O halde bu katili kim ve nasıl durduracak?
Birleşmiş Milletler mi, İslam İşbirliği Teşkilatı mı, Dünya Sağlık Örgütü mü, Uluslararası Ceza Mahkemesi mi?
Bu seçenekler içinde akla ilk gelen isim şüphesiz Birleşmiş Milletlerden sonra en büyük kuruluş olan İslam İşbirliği Teşkilatı.
Ancak bu seçeneği düşünenlerin meseleye duygusal yaklaşmalarından dolayı farkına varamadıkları bir husus var.
Düşündüğünüz o teşkilattan geriye ne teşkilat kaldı ne de iş birliği.
O ucube yapıdan geriye kalan sadece İslam, o da her ülke için geçerli değil.
Oysa Bu Teşkilat...
Oysa o teşkilat bugün yerle bir edilen Kudüs'ü, geriye sadece Gazze'si kalan Filistin'i kısacası kutsal toprakları korumak için kurulmuştu.
Neydi hikayesi...
Yahudilerin 1969 yılında Mescidi Aksa'ya yakmasından hemen sonra İslam Devletleri Riyad'da olağan üstü toplanırlar ve bundan böyle kutsal değerlere yapılacak her saldırıya birlikte karşı koymak için BM'den sonraki en büyük teşkilatın kurulmasına karar verirler.
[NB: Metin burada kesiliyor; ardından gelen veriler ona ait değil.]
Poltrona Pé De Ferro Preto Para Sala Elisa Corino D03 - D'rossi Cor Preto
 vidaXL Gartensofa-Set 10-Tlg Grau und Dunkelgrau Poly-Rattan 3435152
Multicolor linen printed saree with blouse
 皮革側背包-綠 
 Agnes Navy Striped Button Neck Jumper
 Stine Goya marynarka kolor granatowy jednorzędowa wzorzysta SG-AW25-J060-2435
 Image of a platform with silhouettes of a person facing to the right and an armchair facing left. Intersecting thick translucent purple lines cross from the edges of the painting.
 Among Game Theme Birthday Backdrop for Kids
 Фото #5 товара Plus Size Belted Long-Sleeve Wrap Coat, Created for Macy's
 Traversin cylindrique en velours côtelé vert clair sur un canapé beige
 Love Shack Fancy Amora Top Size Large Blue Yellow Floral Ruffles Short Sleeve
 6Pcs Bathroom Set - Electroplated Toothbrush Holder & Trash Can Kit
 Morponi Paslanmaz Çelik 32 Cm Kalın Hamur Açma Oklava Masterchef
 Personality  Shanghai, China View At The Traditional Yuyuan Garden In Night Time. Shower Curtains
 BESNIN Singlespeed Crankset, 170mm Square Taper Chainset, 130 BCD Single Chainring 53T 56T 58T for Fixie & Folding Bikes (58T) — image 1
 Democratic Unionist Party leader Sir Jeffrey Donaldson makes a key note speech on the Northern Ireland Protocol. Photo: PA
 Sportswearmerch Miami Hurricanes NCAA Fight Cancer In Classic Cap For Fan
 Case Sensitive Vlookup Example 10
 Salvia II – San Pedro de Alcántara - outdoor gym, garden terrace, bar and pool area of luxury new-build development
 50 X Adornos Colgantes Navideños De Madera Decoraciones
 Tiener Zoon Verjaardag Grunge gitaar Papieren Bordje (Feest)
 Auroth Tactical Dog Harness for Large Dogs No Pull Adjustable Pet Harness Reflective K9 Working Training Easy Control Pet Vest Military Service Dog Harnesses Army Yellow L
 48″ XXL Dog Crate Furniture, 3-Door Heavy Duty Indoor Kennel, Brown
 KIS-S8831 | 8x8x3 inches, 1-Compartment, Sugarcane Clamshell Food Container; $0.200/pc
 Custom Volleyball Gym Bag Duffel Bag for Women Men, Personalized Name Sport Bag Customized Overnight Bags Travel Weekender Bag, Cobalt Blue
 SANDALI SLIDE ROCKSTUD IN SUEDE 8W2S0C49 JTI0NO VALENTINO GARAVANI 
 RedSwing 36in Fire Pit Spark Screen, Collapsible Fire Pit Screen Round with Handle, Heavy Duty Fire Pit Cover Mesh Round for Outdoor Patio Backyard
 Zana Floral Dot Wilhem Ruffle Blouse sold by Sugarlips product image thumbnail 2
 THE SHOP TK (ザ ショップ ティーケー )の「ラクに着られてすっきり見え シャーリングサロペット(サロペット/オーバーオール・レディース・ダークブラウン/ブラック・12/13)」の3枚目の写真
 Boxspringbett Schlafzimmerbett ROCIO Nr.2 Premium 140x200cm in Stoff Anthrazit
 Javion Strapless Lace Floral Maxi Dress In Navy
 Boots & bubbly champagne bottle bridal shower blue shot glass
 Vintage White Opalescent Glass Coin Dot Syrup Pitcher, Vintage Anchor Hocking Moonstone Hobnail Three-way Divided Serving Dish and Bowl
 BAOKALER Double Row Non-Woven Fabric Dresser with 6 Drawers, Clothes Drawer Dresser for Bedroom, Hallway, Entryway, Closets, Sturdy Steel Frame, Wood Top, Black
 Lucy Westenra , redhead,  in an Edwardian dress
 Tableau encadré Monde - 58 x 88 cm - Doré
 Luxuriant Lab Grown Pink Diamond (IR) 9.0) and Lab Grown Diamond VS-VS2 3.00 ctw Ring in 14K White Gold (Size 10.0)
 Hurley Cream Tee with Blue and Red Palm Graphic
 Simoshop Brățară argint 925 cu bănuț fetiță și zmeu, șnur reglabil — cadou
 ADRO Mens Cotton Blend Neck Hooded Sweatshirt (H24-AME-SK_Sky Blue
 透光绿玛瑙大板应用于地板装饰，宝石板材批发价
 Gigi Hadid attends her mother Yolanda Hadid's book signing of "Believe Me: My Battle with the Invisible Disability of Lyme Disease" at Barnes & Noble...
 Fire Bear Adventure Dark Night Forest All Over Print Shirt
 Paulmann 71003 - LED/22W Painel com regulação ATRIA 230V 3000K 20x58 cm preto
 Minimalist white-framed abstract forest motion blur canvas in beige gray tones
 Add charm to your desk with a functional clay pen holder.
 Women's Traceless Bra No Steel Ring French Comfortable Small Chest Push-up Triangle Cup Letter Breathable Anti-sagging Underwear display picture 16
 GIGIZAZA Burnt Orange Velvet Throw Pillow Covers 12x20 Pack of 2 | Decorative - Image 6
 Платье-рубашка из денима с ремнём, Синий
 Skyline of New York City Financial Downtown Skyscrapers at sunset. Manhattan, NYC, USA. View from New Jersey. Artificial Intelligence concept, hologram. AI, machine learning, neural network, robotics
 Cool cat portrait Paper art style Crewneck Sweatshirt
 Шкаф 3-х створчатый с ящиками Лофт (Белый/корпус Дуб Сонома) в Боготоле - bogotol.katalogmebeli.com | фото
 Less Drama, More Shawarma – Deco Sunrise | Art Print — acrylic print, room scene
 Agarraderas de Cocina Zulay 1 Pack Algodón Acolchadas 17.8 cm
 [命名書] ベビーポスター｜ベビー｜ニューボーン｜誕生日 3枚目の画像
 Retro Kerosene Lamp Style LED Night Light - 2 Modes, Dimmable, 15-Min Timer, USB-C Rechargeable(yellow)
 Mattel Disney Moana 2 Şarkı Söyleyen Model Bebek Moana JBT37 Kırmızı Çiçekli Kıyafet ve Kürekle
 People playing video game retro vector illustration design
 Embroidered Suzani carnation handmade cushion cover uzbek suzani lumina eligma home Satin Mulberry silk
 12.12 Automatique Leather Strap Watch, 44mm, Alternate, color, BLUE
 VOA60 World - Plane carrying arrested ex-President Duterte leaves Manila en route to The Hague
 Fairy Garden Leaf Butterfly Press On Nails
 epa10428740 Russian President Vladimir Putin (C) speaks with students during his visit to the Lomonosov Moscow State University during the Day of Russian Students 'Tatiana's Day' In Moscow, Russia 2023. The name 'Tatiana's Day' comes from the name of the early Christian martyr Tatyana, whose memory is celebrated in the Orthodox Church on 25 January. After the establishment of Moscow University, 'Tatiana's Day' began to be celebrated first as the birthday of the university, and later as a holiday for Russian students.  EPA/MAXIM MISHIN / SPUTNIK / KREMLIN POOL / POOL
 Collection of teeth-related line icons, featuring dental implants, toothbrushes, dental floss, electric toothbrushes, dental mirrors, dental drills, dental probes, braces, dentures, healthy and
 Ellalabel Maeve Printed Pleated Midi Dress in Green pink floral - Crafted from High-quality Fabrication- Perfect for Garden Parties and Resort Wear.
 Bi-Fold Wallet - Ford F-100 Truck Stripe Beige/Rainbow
Ancak işler planlandığı gibi gitmez.
Gerek teşkilat kurulmadan önce gerek kurulduktan sonra İslam devletleri bugüne kadar tarihlerinin en kötü ve en rezil sınavlarını verirler.
Tüm bu kara dönemin sarı öküzü Mescidi Aksa'dır.
Mescidi Aksa...
Yıl 1969...
Mescidi Aksa...
İslam dininin, İslam devletlerinin en kutsal değeri Yahudilerin saldırısı sonucu yandı.
Olay bütün İslam alemini ayağa kaldıracak bir olaydı.
Durumun farkında olan Yahudiler korkudan tir tir titriyorlardı.
İsrail'in ilk kadın Başbakanı Golda Meir sonrasında yayınladığı hatıratlarında o günü şu cümlelerle anlatıyordu.
"Mescidi Aksa'yı ateşe verdiğimiz gece korkudan sabaha kadar uyumadım. Zannediyordum ki bütün Müslümanlar dört bir taraftan İsrail'e girecekler, taş üstünde taş bırakmayacaklar, hepimizi öldürecekler.
Sabah oldu, perdeyi aralayarak korku içinde camdan dışarı baktım. Sokaklar bomboştu, kimseler yoktu.
İşte o zaman anladım ki korktuğum başımıza gelmeyecek.
İşte o zaman idrak etim ki biz bu topraklarda her istediğimizi, her dilediğimizi rahatlıkla yapabiliriz.
Çünkü gördüm ki Müslüman ümmet uyuyan bir ümmet."
Sorumuza Dönersek...
Tablo bu mu?
Evet, maalesef geçmişten bugüne tablo bu.
Bu gerçekler ışığında şimdi sorumuza dönelim, İsrail nasıl durdurulacak?
İsrail sadece ve sadece Golda Meir'in korktuğu başına gelirse durur.